Sometimes disruption just happens. It occurs when something creates a dramatic change of direction, and examples are all around us: the introduction of the GUI, the iPod and the iPhone, the Tesla Model S, the cloud. The Greek election may be one too, if the threats made are being put forward into action.

From an infosec perspective, the importance of disruption must not be forgotten. As technology is created, new markets open, old markets close, new opportunities arise and threats emerge. If we as security professionals lose sight of that fact, we quickly lose our purpose and edge, and we put our employers at risk.

We may look at the election in Greece with different perspectives. From inside Greece, the disruption of a new leadership provides much needed hope in a desperate situation. The promissed benefits carried by the change far outweigh the costs of keeping a status quo. In infosec we may apply similar approaches when dealing with security awareness, and when implementing new technologies to reduce the stressful situations faced by end users.

We should also understand the opposite of hope – despair – which is caused when people are forced into doing something they do not enjoy, understand or find easy to do – for example having to change their 16-character long password every month.

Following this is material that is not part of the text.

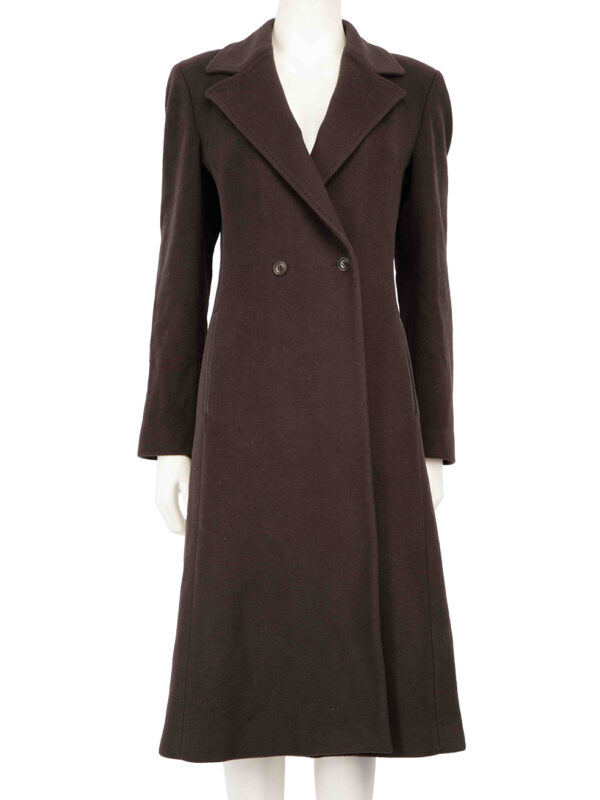 Joseph Brown Wool Long Coat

From outside Greece, the disruption is a threat – financially (what if Greece is not paying their debts), and politically (what will happen to the Euro, and the EU should Greece choose not to pay). Politics aside, let us consider how external threats may impact your security.

In a normal situation, an external threat may be positive for internal morale. It creates an out-group (a group we are not a member of) that becomes a common target for our group, motivating us to face the threat and overcome it. The challenge arises when the outside threat is considered too large, and we end up feeling unable to handle it. When this happens, our in-group quickly becomes demotivated, fatalistic and even destructive. This kind of group is your worst enemy, as it will tear apart all your security efforts. It will oppose you, sabotage your policies, tools and trainings.

How do you handle a demotivated, fatalistic and destructive workforce? How do you turn them around? The short answer is change the culture. Before you can change the culture, you need to map the current one, and design your new culture. You need a high level of situational awareness in your analytics, and most likely, you are not the best suited person to do all these things. Instead, you may want to bring on board an organizational theorist, or at a very minimum work closely with HR.

You can approach a difficult group with disruption too. Planned correctly and executed well, you can change the culture quickly. That is not to say that you should not monitor the new culture as it evolves, you need to control that change.

Revisiting the Greek election, we may be seeing a sort of disruption that will steer the ship back onto the right course. It is not a given, though, as every disruption carries the risk of not succeeding. Or in the words of disruption: something must give way – the change, or the status quo!